After a ten year estrangement - we never really learn why but it seems to have been caused by the death of the mother - Takada learns that his son is very ill. (I think this is different as well - the central characters are Japanese.) Nonetheless, the son (Ken-ichi) refuses to see his father. Rie, the daughter in law, tells Takada that Ken-ichi has spent time in China, making a movie about a mask opera which celebrates one Lord Guan (who is the personification of loyalty), Riding Alone for Thousands of Miles, and has made many friends there. Dad gets it in his mind that to be reconciled with his son, he should go to Yunnan Province to meet his son's friends and to finish his work for him. He speaks no Chinese and in the small towns to which his mission takes him, he finds no-one who speaks Japanase. So, he has a translator - I'm not sure if it was an intentional joke, but it turns out that his translator is called lingo, and speaks about as much Japanese as I do:

Dad's mission turns out to be much more complicated that at first anticipated - his principal singer Li has been imprisoned, and won't be let out for three years. After recourse to his uselesss translator and another back in the city, he manages to get permission from the very obliging prison governor to film Li singing in prison. It turns out that Li is heart-broken because he has this 8 year old son back in his home village whom he has never seen but just learnt about. He can only perform once he's seen his son. So, off Takata goes to the Stone village - an actual town that sits on top of a huge rock about 110 km from the prison. The journey is more than a little trippy, with some amazing geology. Of course, the village elders are all happy to have the son go see his father, and they have a village dinner, in which the main street is set up as a very long dining table.

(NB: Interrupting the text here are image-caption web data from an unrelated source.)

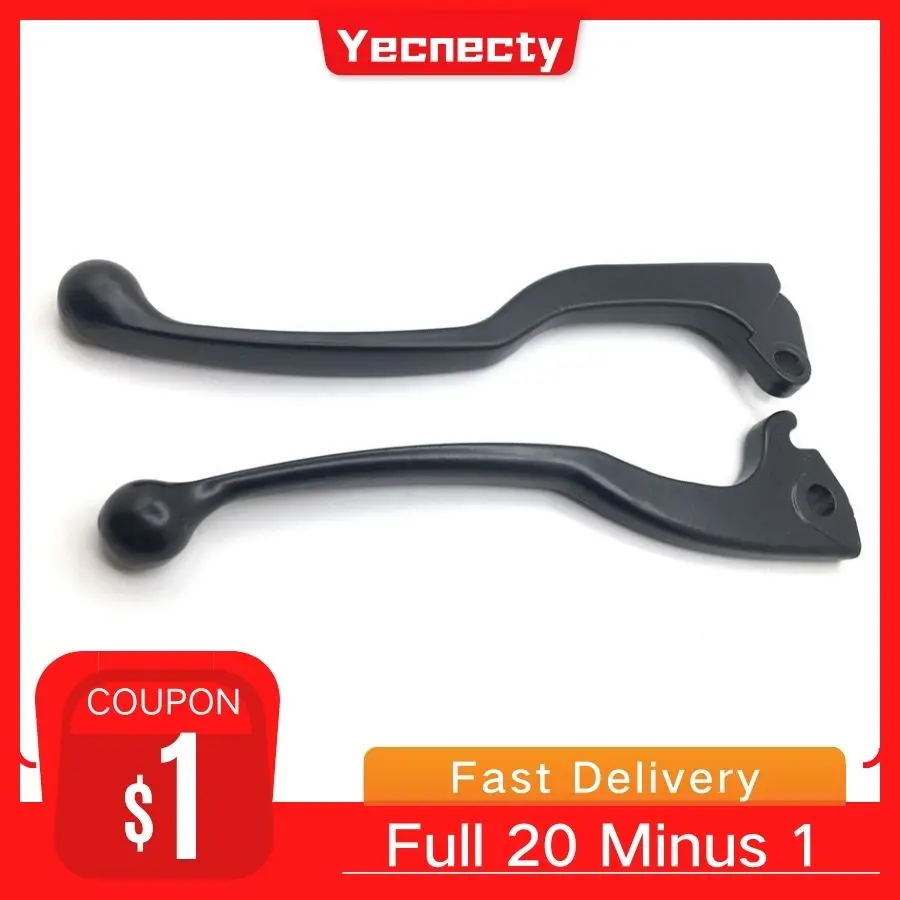 Черные рычаги сцепления для мотоциклов 1 пара рычаг мотоцикла с ЧПУ дискового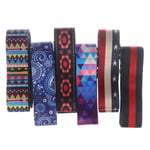 Women Yoga Stretch Strap Printed D-ring Buckle Belt Gym Exercise B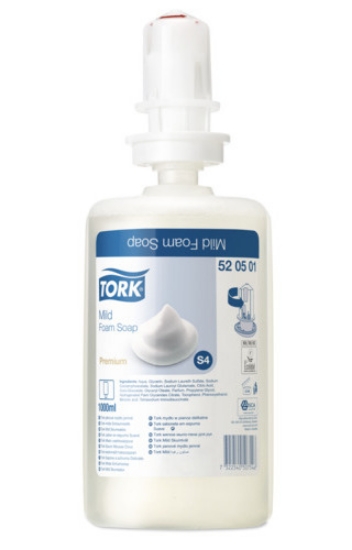 Picture of TORK S4 Mild Foam Soap Refill - 1,000ml - 2,500 Doses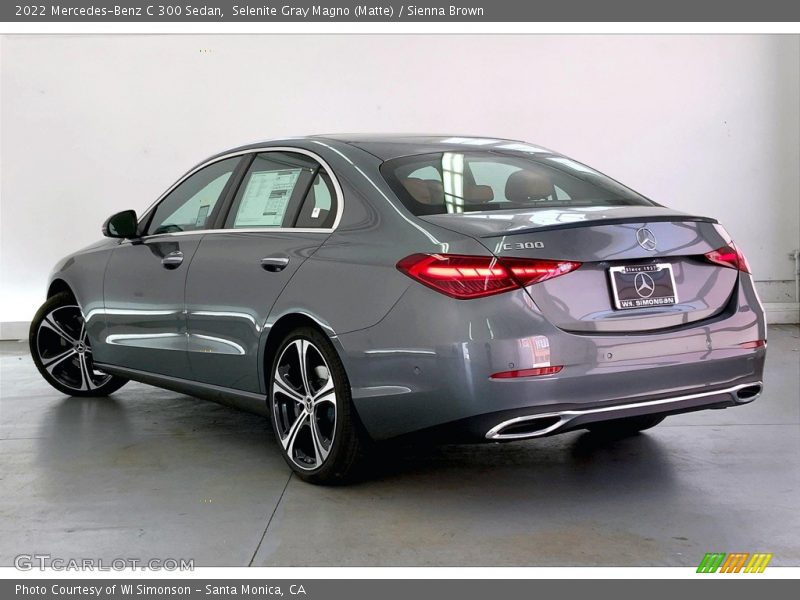Selenite Gray Magno (Matte) / Sienna Brown 2022 Mercedes-Benz C 300 Sedan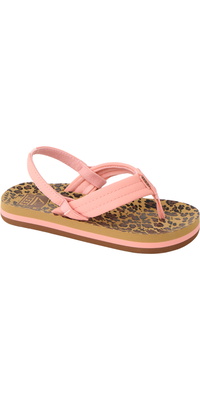 2026 Reef Little Ahi Flip Flops CJ9171 - Leopard / Canyon Sunset
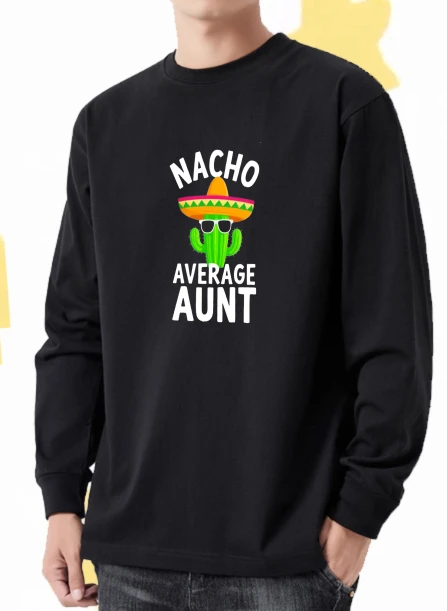 

Футболка мужская осенняя Bsketball Рождественская футболка с длинными рукавами и графическим рисунком Nacho средние трикотажные изделия с круглым вырезом футболка с принтом дышащая высокая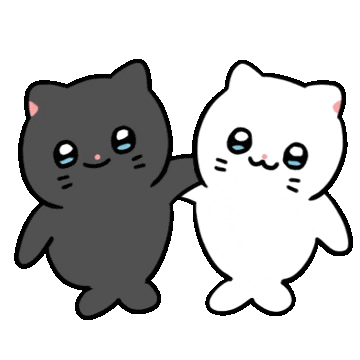 Happy Cat Sticker by Olso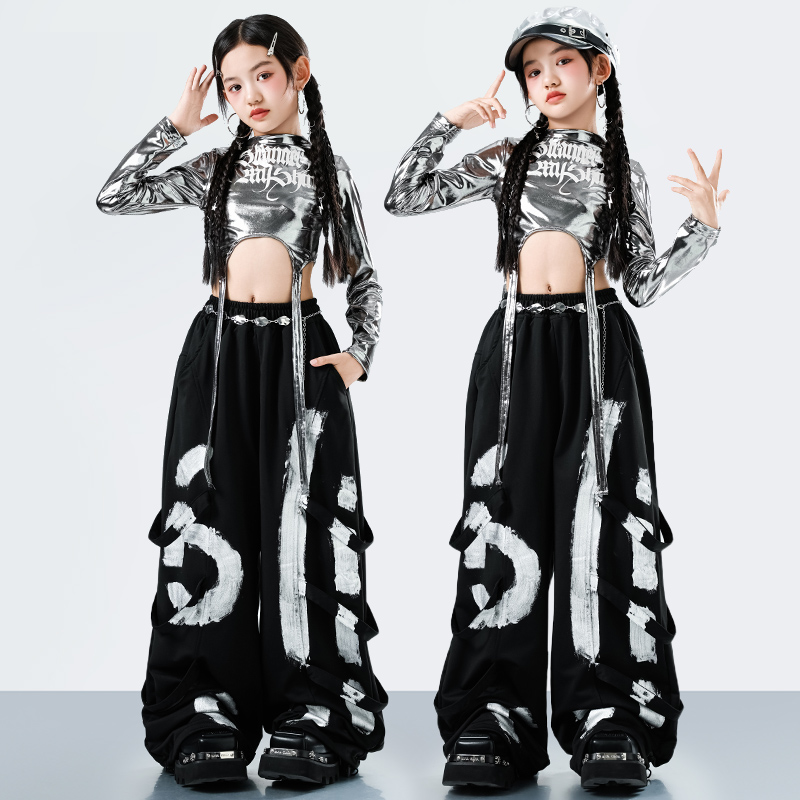 Street Fashion Baggy - Kostum Tari Hip Hop Gaya Streetwear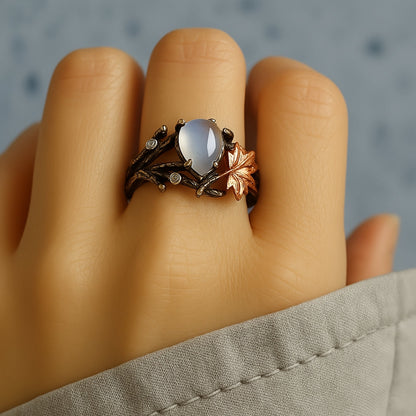 Nature Moonstone Ring | Last day 80% off!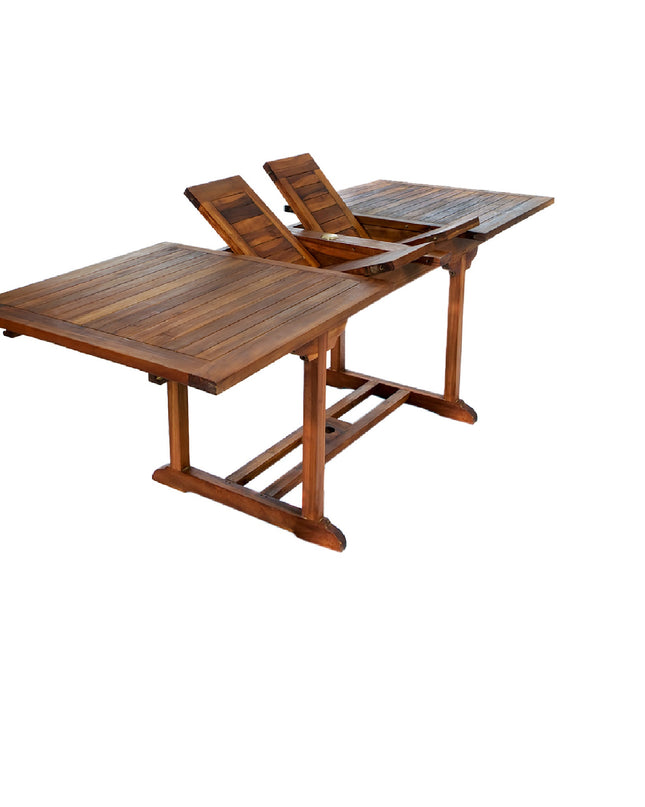 Twin Butterfly Leaf Teak Extension Table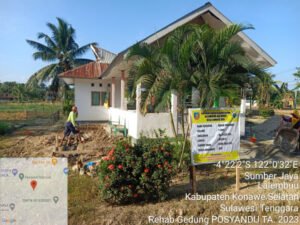 Rehab Posyandu Desa Sumberjaya untuk Meningkatkan Pelayanan Kesehatan Masyarakat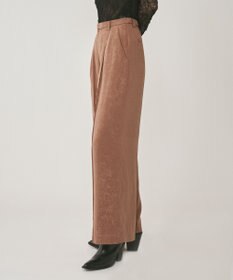 GRACE CONTINENTAL クラッシュサテンパンツ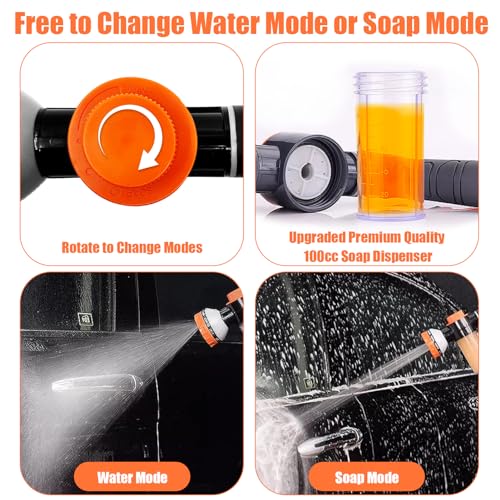 image for AYBBSHOW Dog Washing Hose Attachment for Pet Bathing with Black Shower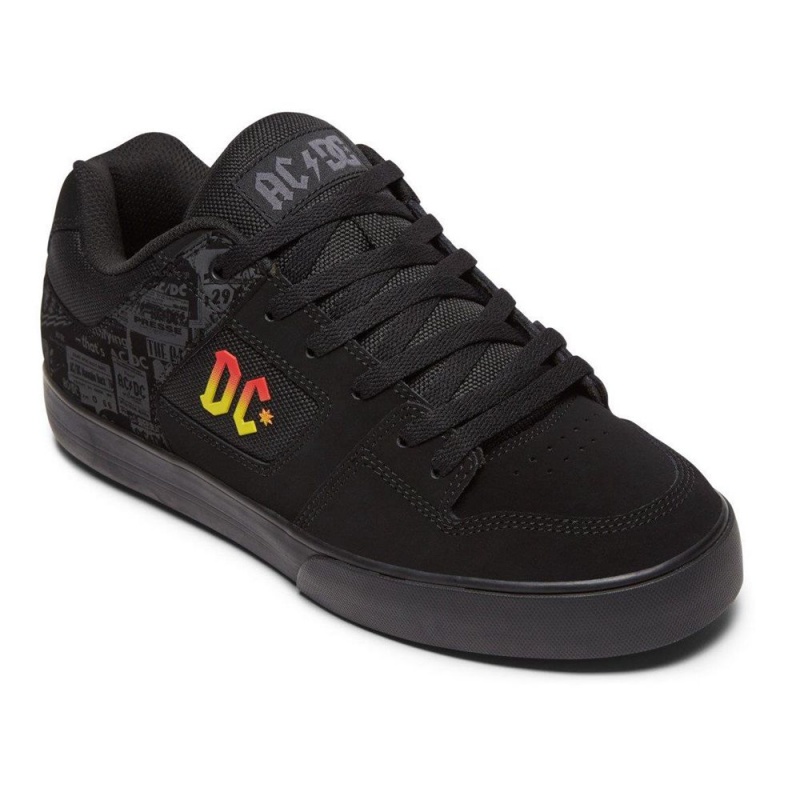 Zapatillas Skate DC Shoes Pure Hombre Negras Gris | ABMV-53169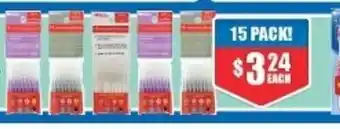 Chemist Warehouse Healthy & Wellness Interdental Brushes 15 Pieces Assorted Variants offer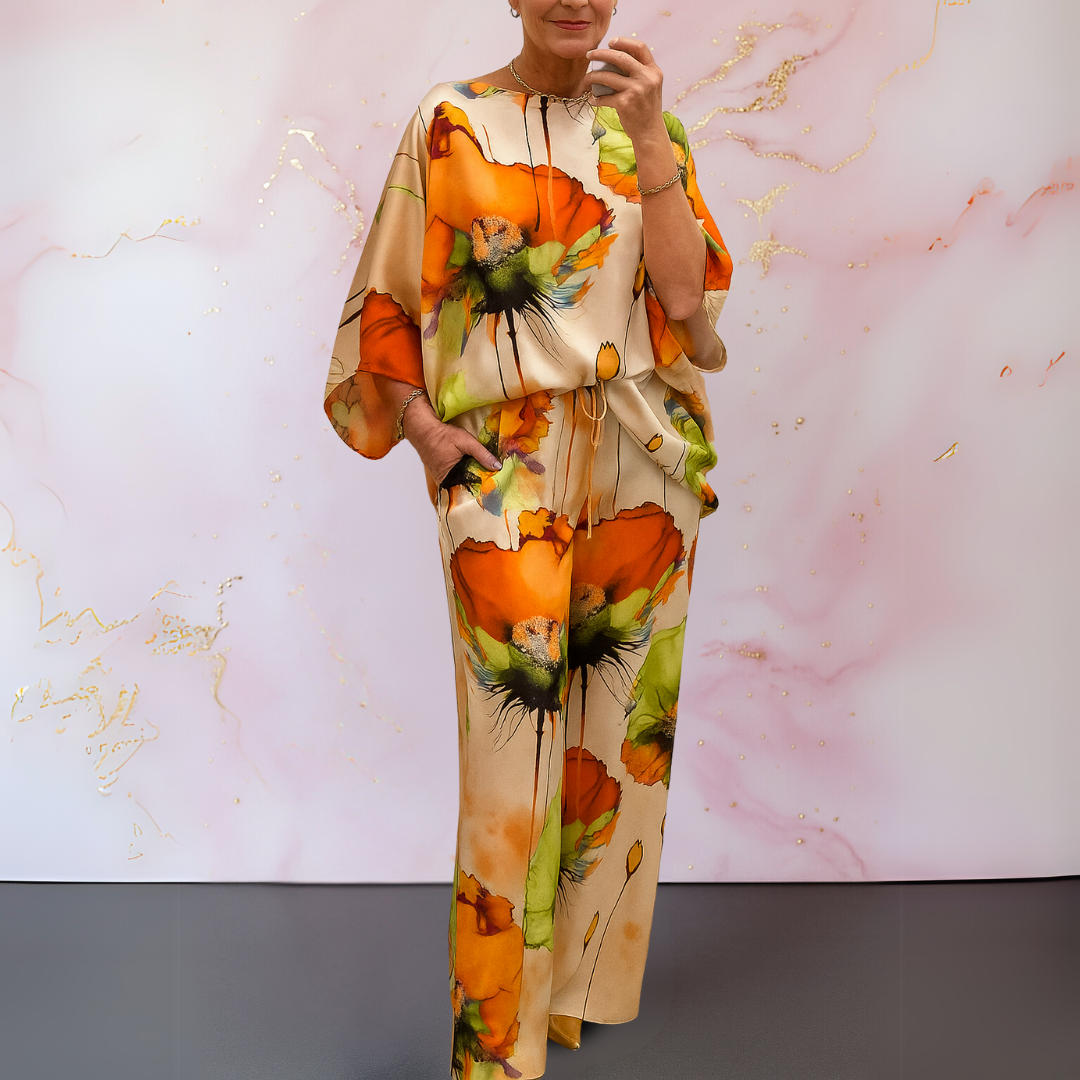 Pelaez - סט אלגנטי מודפס בשני חלקים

But it is here where the son's gaze idea becomes important, on at least a couple of levels. It turns out that Ken-ichi wasn't that popular here anyway, few even know who he is let alone admit to being his friends and Ken-ichi was only making the movie because it was something to do. Dad should scrap the idea and come home - but his conscience is so affected, and his idea of what he has to do to be loyal is so located in getting this movie done that he can't give up. It also transpires that Li's son doesn't want to meet his father - he runs away, leading to him and Takata getting lost in this area of rock formations:
- they'd be stalactites if they were in a cave, but they're not - just an area of very high and very pointy spikes of rock. They bond, and Takata wants the village to honour the boy's wishes as regards seeing his father:

I think there is something being said here about the old ways having to give way to the new and, indeed, that outside voices will have their part to play in sorting out the new.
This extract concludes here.